Ci troviamo quindi del tutto disarmati e impotenti di fronte al crescere inarrestabile della popolazione detenuta e continuando così, (non siamo certo noi i primi a dirlo), la situazione rischia l’ingovernabilità e la soluzione che andrà inevitabilmente trovata non potrà che utilizzare metodi non democratici.

Perché allora ci si ostina a considerare la carcerazione l'unica pena possibile, quando ormai è accertato che non funziona, oltre ad essere estremamente costosa per la collettività?

Perché le soluzioni a portata di mano, molto più economiche ed efficaci nessuno le vede?

Sappiamo tutti che l’ accesso alle misure alternative ha contribuito sicuramente a restituire alla società tanti soggetti, che avevano commesso reati, più responsabili e rispettosi della legalità, infatti i dati relativi all’area penale esterna e all’utilizzo delle misure alternative negli ultimi trent’anni, sono stati estremamente significativi e positivi in quanto:

Þ la spesa per le casse dello stato è stata sicuramente irrisoria rispetto ai costi del carcere;

Þ il “tasso di evasione”, così come rilevato dai dati statistici degli Uffici centrali del DAP, è marginale

Þ la recidiva (sempre confrontando i dati statistici) risulta inferiore a quella dei soggetti dimessi direttamente dal carcere (il 19% di recidività contro il 68% per i dimessi dal carcere).
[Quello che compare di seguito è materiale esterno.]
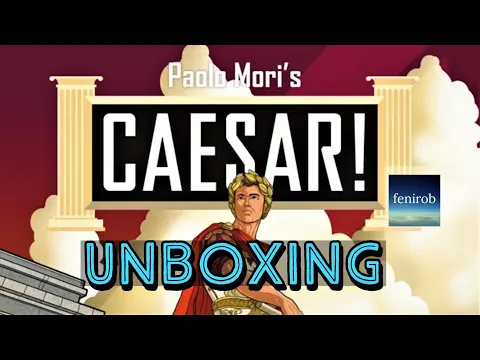 Caesar! Seize Rome In 20 Minutes! Board Game | Unboxing (No Talking)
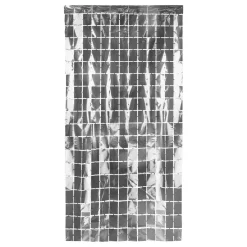 PartyDeco sp. z o.o. Backdrop Plader Sølv Metallic - Oppyntning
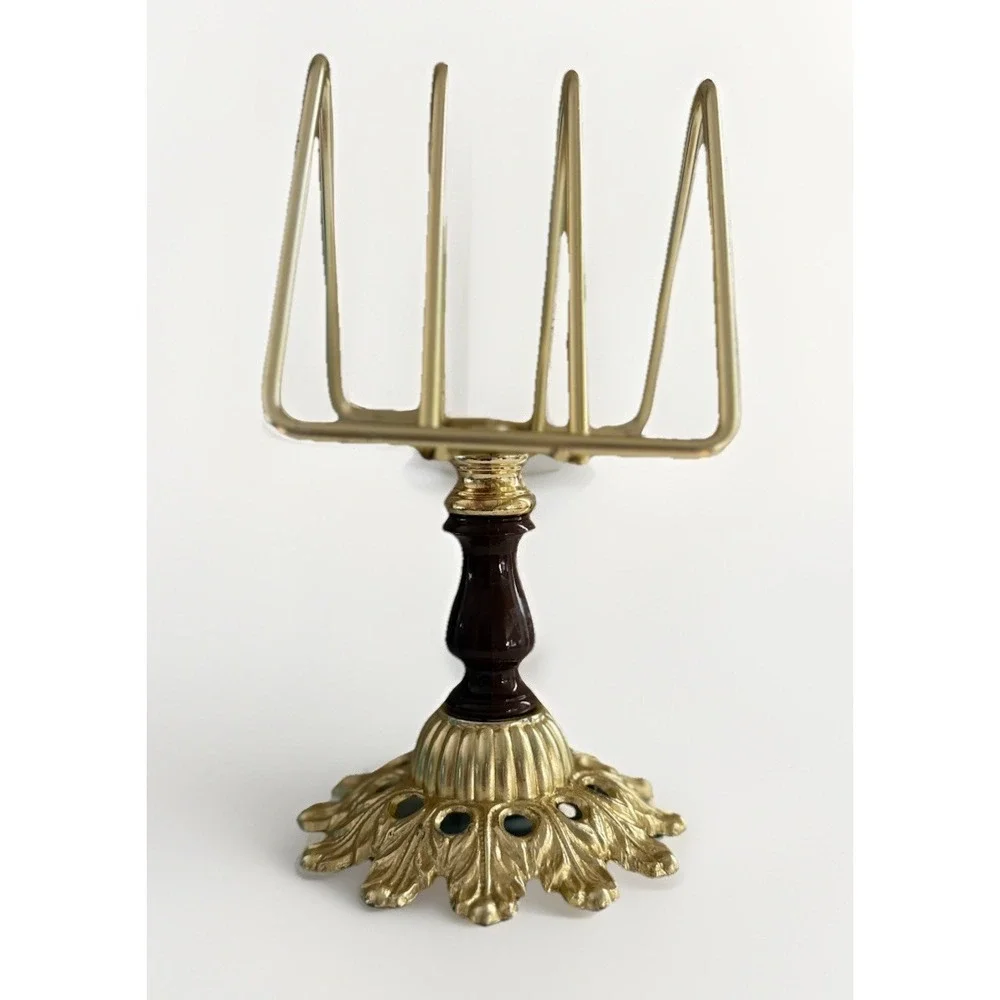 Vintage MCM Metal Brass Pedestal 9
Spiace sentire il Capo del DAP sminuire anche questi dati, dicendo che la differenza dipende soprattutto dalla diversa pericolosità sociale dei soggetti ammessi alle misure alternative rispetto a quelle detenute. Noi sappiamo che da anni alle misure alternative possono accedere anche persone con condanne molto alte e la maggioranza della popolazione detenuta è costituita non da pericolosi delinquenti, ma per lo più da soggetti appartenenti alla marginalità sociale.

Riteniamo, però, che non sia più tempo di ripetere queste cose tra noi addetti ai lavori, ma occorre trovare il modo per fare arrivare le nostre ragioni alla cittadinanza più estesa e nei luoghi dove si forma l’opinione del cittadino comune per fargli comprendere che il non rispetto dei diritti dei cittadini detenuti e l’introduzione di metodi di governo non democratici delle carceri prima o poi comportano la compressione dei diritti e degli spazi di democrazia per tutti i cittadini.

E’ necessario rompere il circolo vizioso che si è creato intorno al tema della sicurezza se non si vuole tornare indietro ai tempi più bui della nostra storia e se si vuole promuovere una cultura di convivenza sociale solidale e multietnica senza conflitti ed emarginazione.